La période d’ici la fin du premier semestre 2008 serait décisive pour ce pays latino-américain. L’initiative de dialogue entre les adversaires, avec la médiation de l’Eglise catholique, est en marche. Le vote sur la nouvelle Constitution et sur les statuts d’autonomie, fixé pour le 4 mai 2008, pourrait être retardé de quelques semaines, afin de tenter d’arriver au scrutin avec un consensus négocié préalablement.
Les attentes de changements, suscitées par ce processus inédit dirigé par Evo Morales, sont très élevées parmi les secteurs populaires qui continuent de l’appuyer. La Bolivie, la nation la plus appauvrie de l’Amérique latine, a opté pour un nouveau paradigme de redistribution et d’équité sociale. Néanmoins, les échéances politiques ne sont pas éternelles et la population veut des améliorations maintenant.
* Sergio Ferrari , de retour de Bolivie
      Traduction  H.P. Renk
       Collaboration E-CHANGER, ONG de coopération solidaire présent en Bolivie
1)       Ironie de l’histoire, des médecins cubains ont pratiqué une opération de la cataracte sur un certain Mario Teran (sergent retraité de l’armée bolivienne).
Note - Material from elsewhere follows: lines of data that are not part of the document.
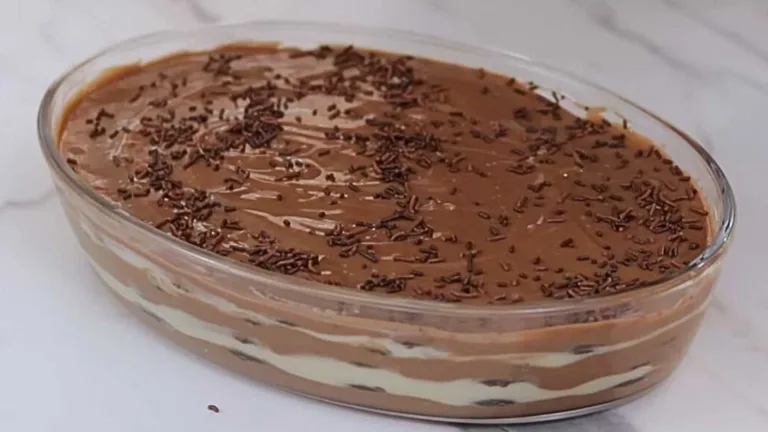 doce de travessa ninho com chocolate
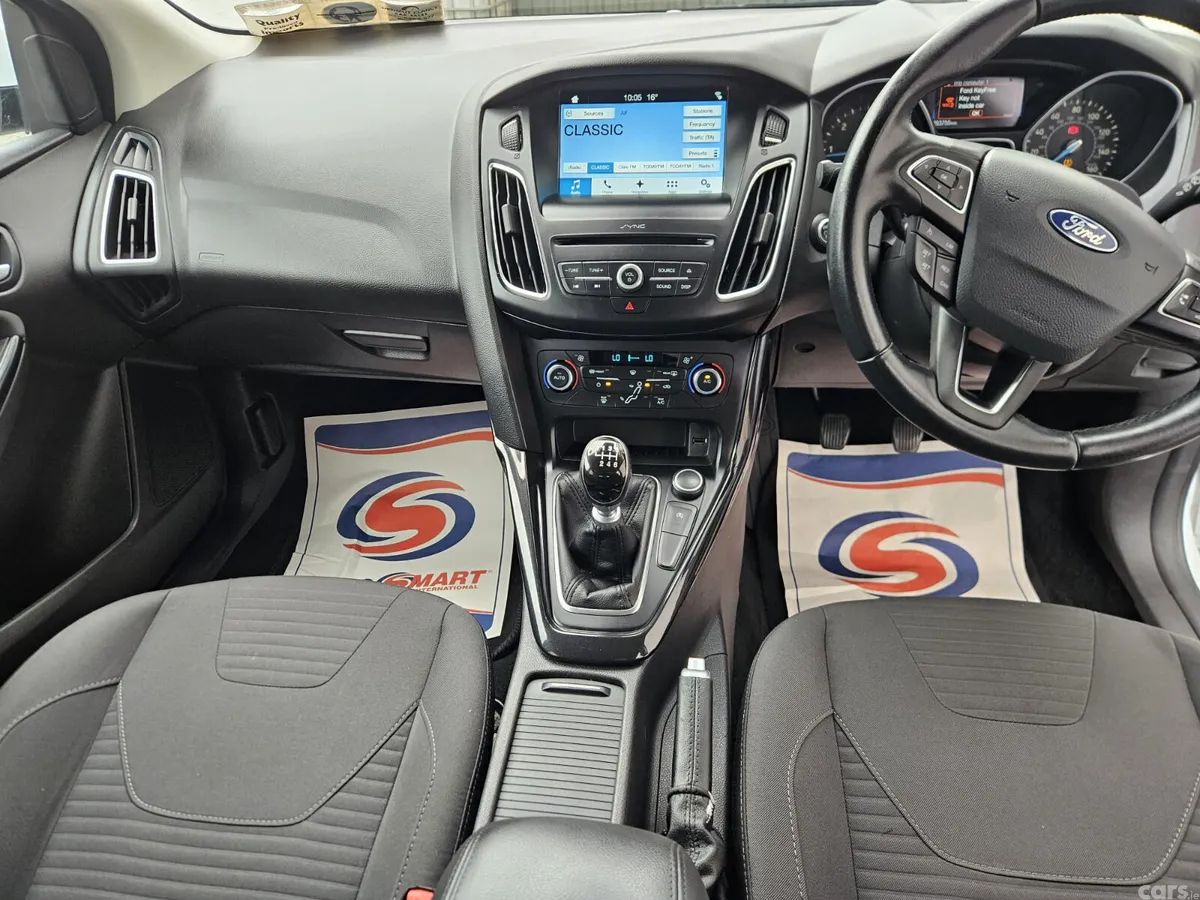 Ford Focus Hatchback, Diesel, 2017, White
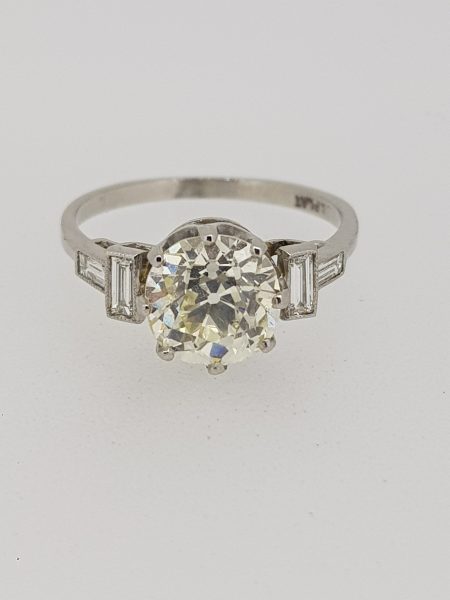 2.26ct Diamond Solitaire Engagement Ring with baguette Cut Diamond Shoulders in Platinum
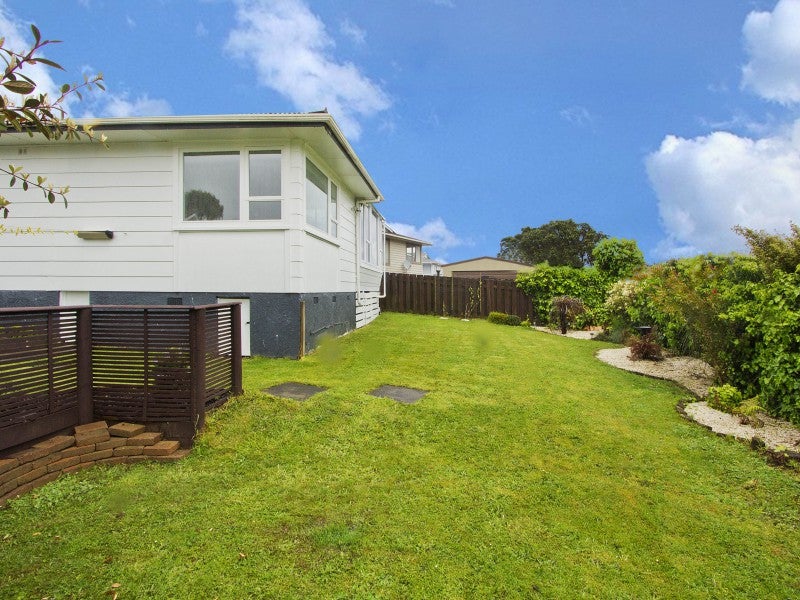 125 Major Drive, Kelson, Lower Hutt - Carousel 2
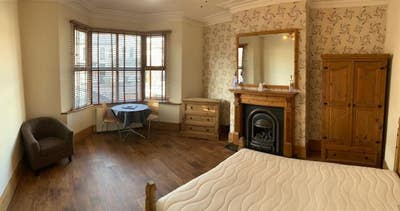 Large Room in Luxury Shared House Main Photo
Celui-ci était jusqu’ici connu pour avoir abattu à l’aube du 9 octobre 1967, dans l’école du village de La Higuera, le commandant Ernesto Guevara, capturé la veille. Ainsi, l’assassin du Che aura retrouvé la vue grâce à ces Cubains qu’il abhorrait…
2)       Référence à l’empire Inca, d’avant la conquête espagnole.
3)       Trois anciens présidents boliviens, dont le premier – Hugo Banzer – avait pris une première fois le pouvoir en 1971, par un coup d’Etat contre le gouvernement progressiste du général Juan José Torres.